両親の愛情を奪われるのでは?という喪失不安

同時に、姉は嫉妬にもさいなまれているのではないか。子どもの頃から優秀だった姉は両親にとって自慢の娘であり、それほど勉強ができなかった妹は両親の扱いに姉妹格差を感じてきたという。

ところが、妹が男の子を産んで実家の近くで暮らすようになると、両親は「跡継ぎができた」と喜び、溺愛するようになった。

それを近くで見ていて、姉は両親の愛情を甥に奪われるのではないかという喪失不安、つまり嫉妬を抱くようになったと考えられる。

それほど両親が孫を溺愛するのなら、姉も子どもを産めばよさそうなものだが、その前段階となる結婚で姉は頓挫している。

非嫡出子の割合が欧米と比べて低いわが国では、一般に出産は結婚とセットで考えられており、未婚の姉が出産することは望み薄だ。

姉としても、40歳までに出産したいという願望が強かったので、両親の勧めに素直に従って結婚相談所に入会したようだが、「自分より学歴が低い男性は尊敬できない」と口癖のように言っているようでは、なかなか難しいだろう。

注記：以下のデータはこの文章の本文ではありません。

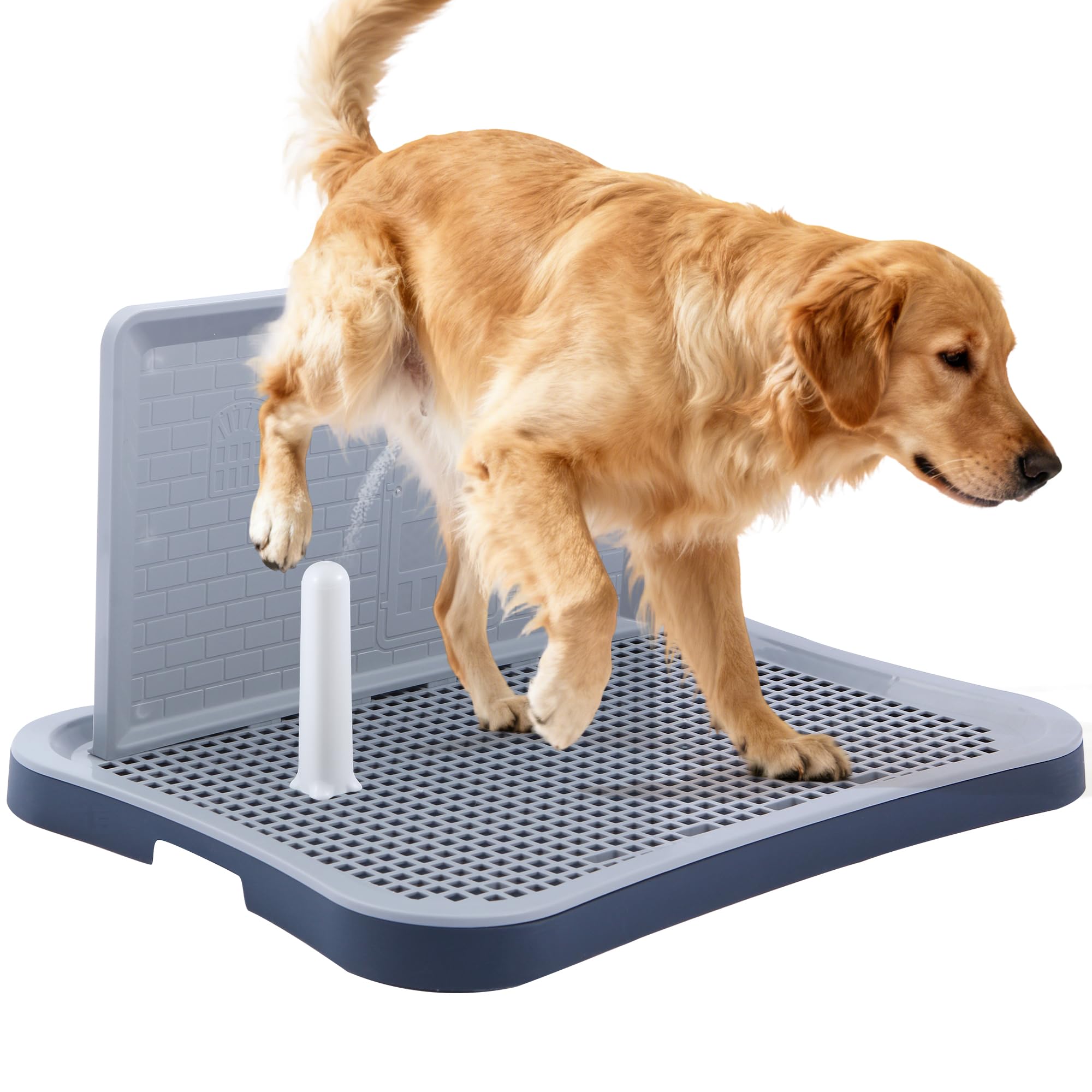 Pee Pad Holder, Indoor Potty Tray for Big and Large Size Dog with Pee Wall, Non-Skid Feet, 23.6x19.7x2 inch (Large)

担当者がやんわりと注意しても、姉は聞く耳を持たなかったようだから、ほぼ匙を投げたのではないだろうか。

姉は八方塞がりのように私の目には映るのだが、それを決して認めようとしない。だから、羨望の対象である妹と夫の価値を否定しようとする。

他人の価値を否定したからといって、自分の価値が上昇するわけでも幸せになれるわけでもない。

だが、他人の価値を否定すれば、自分の価値を相対的に高められると思い込んでいるのかもしれない。